Gee, I wonder what they didn't want recorded: FBI told state police not to wear body cameras for 2016 stop of refuge occupation leaders
Prosecutors say witness testimony, audio and video evidence, plus bullet trajectory analysis yielded one conclusion: FBI agent W. Joseph Astarita lied about firing two shots at the truck of refuge occupation spokesman Robert "LaVoy" Finicum in 2016 after he swerved into a snowbank.I have followed the Oregon stand off previously and we have seen that it was pretty clear that the FBI agent fired the first shot from behind and above the vehicle, and then lied about it. I don't really want to believe that the FBI went there with the object of initiating a fire fight and killing someone, but demanding that the Oregon State Police not collect the video seems to suggest that they had something in mind.
The information is detailed in a 32-page government response to Astarita's motion to dismiss the federal indictment against him. He's pleaded not guilty to three counts of making false statements and two counts of obstruction of justice. Astarita's lawyer claimed the indictment was based on "junk science.''
The government response also reveals that Oregon State Police SWAT troopers at the scene, ordinarily required to wear body cameras, didn't that day at the request of the FBI. The FBI did obtain video from FBI surveillance planes flying above the scene.
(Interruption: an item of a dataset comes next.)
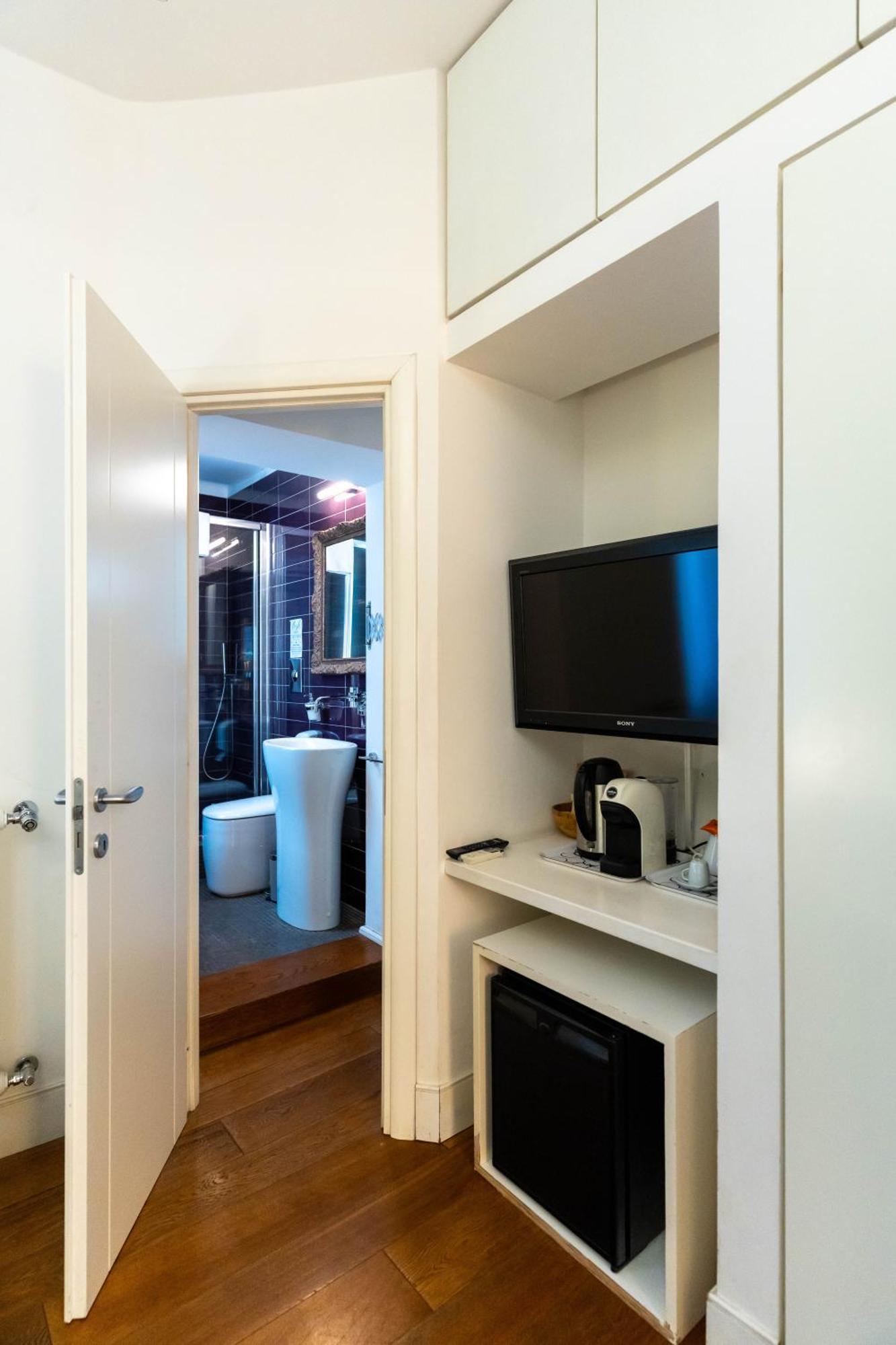 Ihh Suites Róma Kültér fotó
State police detectives also normally record interviews of officers who might be involved in a shooting, but they didn't that night when questioning the FBI Hostage Rescue Team members, again at the FBI's request. A follow-up interview with the hostage team members also came with unusual conditions, prosecutors note.
The FBI also played some interesting games with the State Police's investigation of the shooting.
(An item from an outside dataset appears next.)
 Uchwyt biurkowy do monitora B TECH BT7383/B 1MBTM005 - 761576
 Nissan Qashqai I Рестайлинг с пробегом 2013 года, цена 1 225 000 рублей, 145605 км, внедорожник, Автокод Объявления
Deschutes County investigators shared their concerns about missing evidence and unaccounted-for shots with FBI officials in the days after the shooting. I.M., the FBI supervisor who had first questioned Astarita, also expressed frustration to another FBI leader about Astarita's odd response to his routine question. More FBI supervisory agents spoke with Astarita.Sound almost like the DOJ interviews of the Clinton crowd in the email scandal.
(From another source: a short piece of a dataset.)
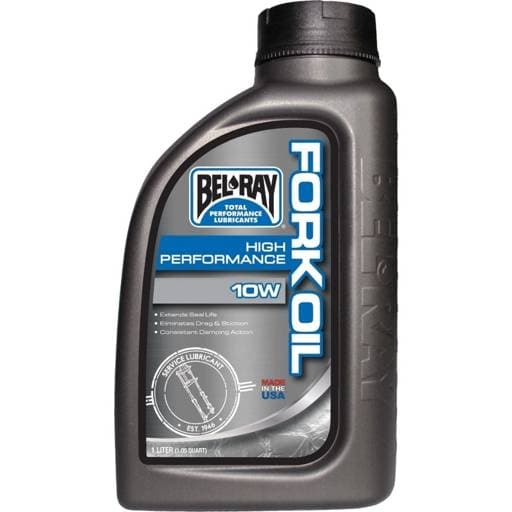 Belray High Performance 10W Fork Oil - 1L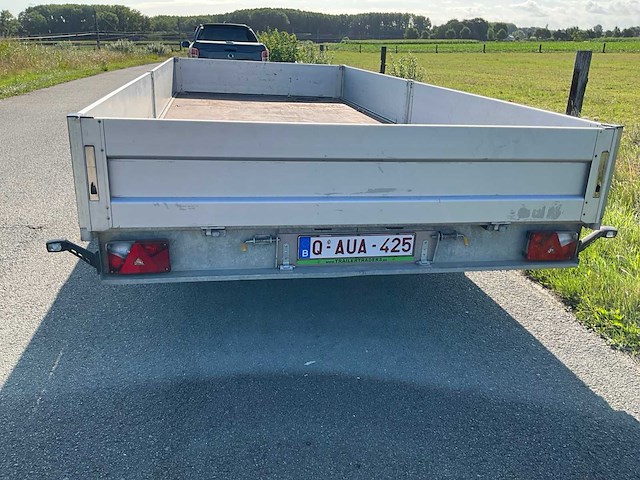 2024 aanhangwagen 3 asser (3,5t) - afbeelding 7 van  20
On Feb. 6, 2016, two state police detectives reinterviewed Astarita, but by then the hostage rescue team agents knew there were unaccounted-for gunshots and missing shell casings. The agents set conditions for the interview: They could only be interviewed as a group, the interview couldn't be recorded and their lawyer could be present on a speakerphone.
The state police detectives found those conditions "particularly an unrecorded group interview - odd and problematic, but reluctantly agreed to them, believing that the alternative would be no interview at all,'' prosecutors wrote.
B.M., the leader of Astarita's team, served as the "spokesman'' for the group and did most of the talking. The hostage rescue team agents conveyed individually and through their spokesman that they didn't fire any shots.
It's hard to know what might have happened if Astarita hadn't fired shots into the vehicle, but I think there's a reasonable chance that Finicum might not have come out the vehicle spoiling for fight, and a senseless death could have been prevented.